At the Fraud Affects Every Community workshop recently held at FTC headquarters, we heard from panelists living and working in diverse communities about ways scammers are using language, shared customs, relationships and community practices to steal people’s money.

Scammers might speak your language, share your culture or beliefs, and even attend your place of worship. They might understand the hard personal situations you’re facing – like job loss, immigration status, money woes, or family emergencies. They might come from the same country, neighborhood, or community as you. They might even be a community leader – or have convinced a community leader to help them get the word out about their product or service... which may turn out to be a scam.  

Consider these scenarios:

  • You get a call from someone who speaks the same language you do, selling you a work-at-home program. You feel comfortable with them, so you share personal information and stories. Before you know it, this feels like someone you can trust. But this could be a set-up. Scammers often use personal connections to make you feel comfortable – and get close enough to get your money.
  • You identify with an ad on TV or radio featuring someone who looks or sounds like you. Because you identify with the person in the ad, you might believe what they’re saying. But not every ad is true. It could have been made, and paid for, by a scammer. Ads aren’t reviewed by an outside organization to make sure they’re legitimate before they run. You have to do your own research.
  • Someone claiming to be a lawyer or government official tells you about a debt you need to pay, or asks you to buy something. In your community, highly-educated people, officials, and experts might command a lot of respect. But are they really the experts they claim to be? Check out their claims before you give them information or money. 

You can spot possible scammers in your community, no matter who they seem to be. Whenever someone urges you to pay for something – stop. Check them out. Ask lots of questions, and do your own research on the company, person or product. Take your time deciding before giving your hard-earned money, or personal and financial information, to anyone. 

Suspect a scam? Tell us about it! File a complaint with the FTC, or call 1-877-FTC-HELP.

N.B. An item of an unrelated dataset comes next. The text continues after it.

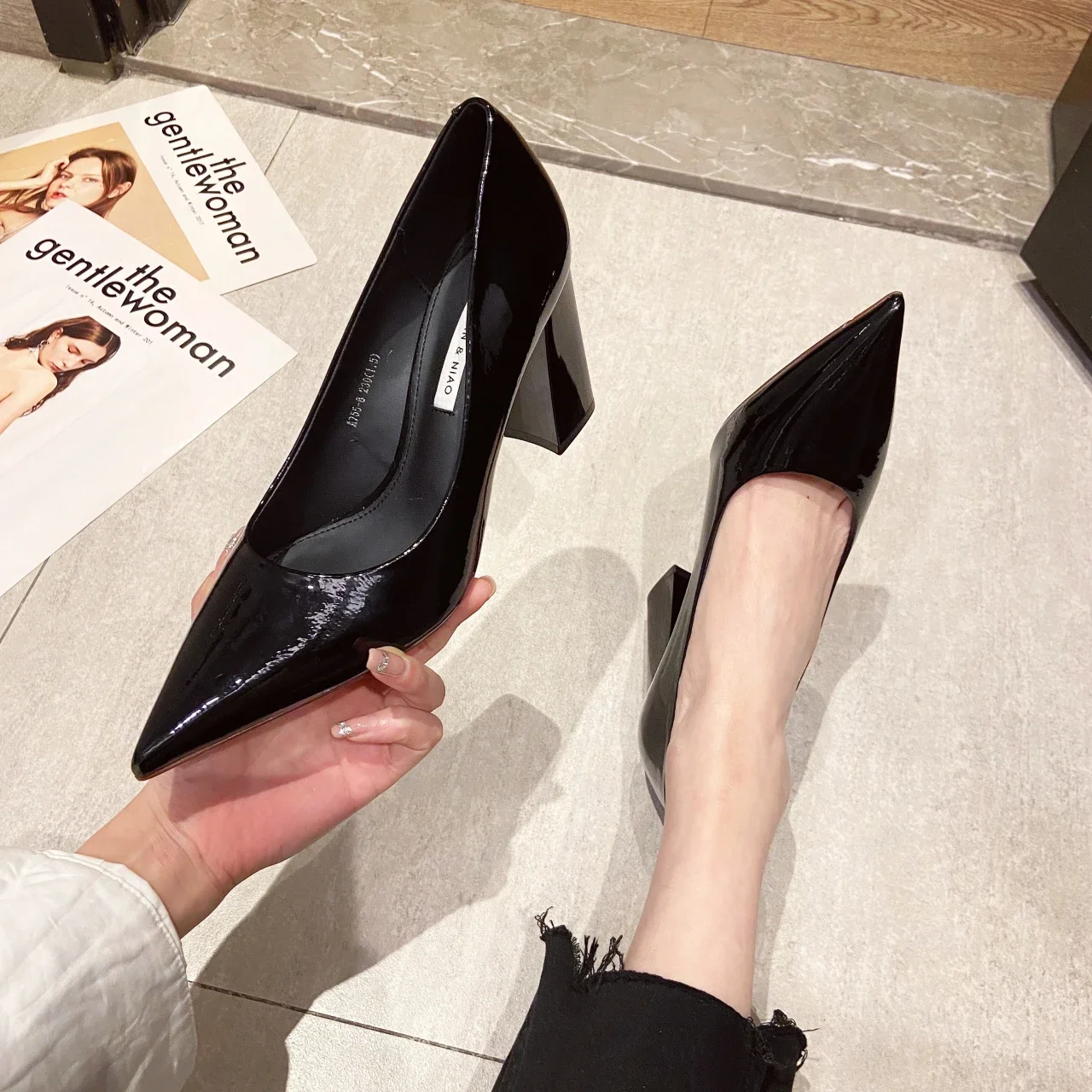 Women Shoes Patent Leather Slip-On Chunky Heels High Heels Women Temperament Pointed Toe Shallow Sexy Wedding Shoes Pumps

why are the obvious still advertised?
envelope stuffing

I was scammed over the Internet And would like to know if there is anything I can do and is there anything that could be done so other woman might not fall into the Same scam like I did, there are people on the Internet claiming yo be American Soilders, if only I had knowen more info about this scammers on the Internet before hand maybe I would have thought twice, some one needs stress this matter, and would there be any way to get some relieve out of this scam

I appreciate the attention on this matter as I have learned that these people doing these scams are probably out of Nigeria Ghana West Africa , these people steal real MILITERY mens photos and use them to ask for money and say that they are non commissioned officer, I feel for this, and I've paid dearly. I was devasted once I found out the truth. I have found the real MILITERY man and have spoken to his family and they have been also upset and disturbed that there family and his identiy where used to do these scams mainly to women. I lost a lot of money and even had a sale to sell items to help this scammer, it made me sick to find out the truth but the damage was done. I do in prayers ask that these people will be put to a stop. I have followed this scammer on the Internet and was able to save a lot of women until he cought on to what I was doing, pl get this word out thank you

Please get this out to the public especially the facebook user and also on the Y Messanger these are where these scams are taking place.

I shutoff charitable requests by telling the caller I do not make donations over the phone and that I will consider written correspondence. Of course they give you a line like we can't provide anything because we are a charity, this is the way we collect money, etc. TOUGH you want me to consider giving to your charity then follow my rules. No other comments will be accepted.